Marketers’ year-end ‘use it or lose it’ spending drains ROI and distorts future planning. Keen’s data shows smarter brands reframe budgets as investments –using decision modeling to drive sustained, compound growth.
Every December, like clockwork, marketing teams scramble to ‘use it or lose it.’ Campaigns are rushed out the door, media budgets are burned, and creativity takes a back seat to compliance. This annual ritual of last-minute spend might feel like fiscal responsibility, but it is actually one of marketing’s most costly inefficiencies.
At its core, this budget dump is a symptom of an outdated operating model: one that treats marketing as an expense instead of an investment. Keen Decision Systems’ marketing decision models reveal that the cost of this behavior extends well beyond wasted impressions. It compounds into weaker long-term performance, distorted measurement, and missed growth opportunities.
The myth of ‘use it or lose it’
Most marketers believe that unspent budget signals underperformance and that every dollar must be deployed before the books close. But the data tells a different story. When looking at incremental ROI across quarters, there are constantly diminishing returns in Q4 spending. That’s not because consumers tune out, but because too many marketers are spending reactively, not strategically.
The brands that outperform are the ones that challenge the calendar. They plan holistically across the fiscal year, investing where the next dollar will truly deliver growth, not where finance expects to see activity.
The vicious loop of unplanned spend
Rushed ad spend rarely performs. In Keen’s analysis across retail investments, brands saw revenue contributions peak in Q3 at an average of 31%. By December, that efficiency had dipped to 29%, reflecting how reactive, end-of-year spending often delivers lower impact. In fact, there are long-term implications of overspending in Q4. Keen data shows that the contributed revenue by month dips in Q1.
Those wasted dollars don’t just fail to move the needle; they distort future planning. When marketers see inflated Q4 spend with muted returns, it can trigger a false narrative that ‘marketing isn’t working.’ That perception undermines confidence in the discipline and leads to even more short-term decisioning in the next planning cycle.
From spending to investing
Avoiding the December ‘budget dump’ doesn’t mean ending the year flat. It means shifting from reactive spending to proactive decisioning.
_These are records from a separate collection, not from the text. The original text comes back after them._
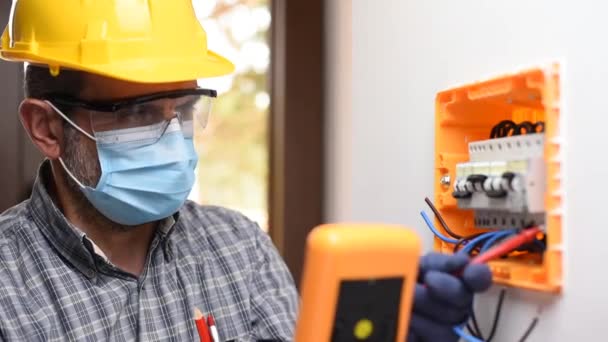 Electrician at work on an electrical panel protected by helmet, safety goggles and gloves; wear the surgical mask to prevent the spread of Coronavirus. Construction industry. Covid-19 Pandemic Prevention. Footage. - Footage, Video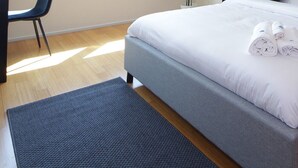 Ein ordentlich bezogenes Bett mit weißen Leinen und aufgerollten Handtüchern, ein Nachttisch mit Lampe und ein Sessel in einem modernen Zimmer mit Holzboden und einer grauen Akzentwand.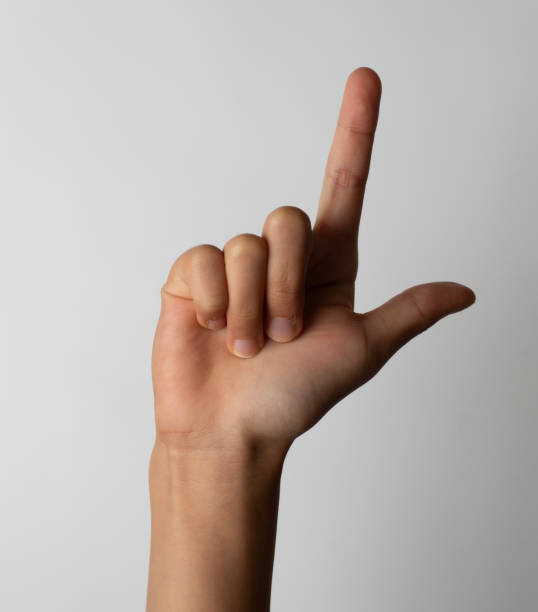 lenguaje de señas americano letra l alfabeto con la mano de los niños - letter l human hand human finger human thumb fotografías e imágenes de stock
Keen’s approach helps marketers model the financial outcomes of each investment scenario, not just within a quarter, but over time. Instead of ‘spend what’s left,’ the conversation becomes ‘invest what will compound.’ That shift changes how CMOs engage with CFOs: from defending spend to demonstrating value.
It also gives marketers permission to reframe unspent budgets as a future opportunity, not a failure. A dollar carried forward strategically, to fuel a January brand lift or align with seasonal buying cycles, can generate two to three times the impact of one forced into December.
Making the case to finance
Of course, marketers can’t change fiscal culture overnight. Budget cycles and procurement timelines are real. But finance teams are also motivated by efficiency, and that’s where the data helps. By quantifying the diminishing returns of rushed spend, marketers can make a financially credible case for flexibility.
Keen’s clients have used decision modeling to secure rolling budget authority, reallocating unspent funds to periods or channels where ROI potential is highest. The result: higher efficiency, steadier growth, and a healthier relationship between marketing and finance.
Turning Q4 from panic to proof
December doesn’t have to be a fire drill. It can be a moment of reflection, to evaluate what worked, identify where dollars could stretch further, and plan investments that position the brand for a stronger start to the new year.
The smartest marketers are ditching the ‘use it or lose it’ mindset for a new mantra: ‘prove it and improve it.’ With the right decisioning framework, they’re transforming budget management from reactive spending into strategic compounding.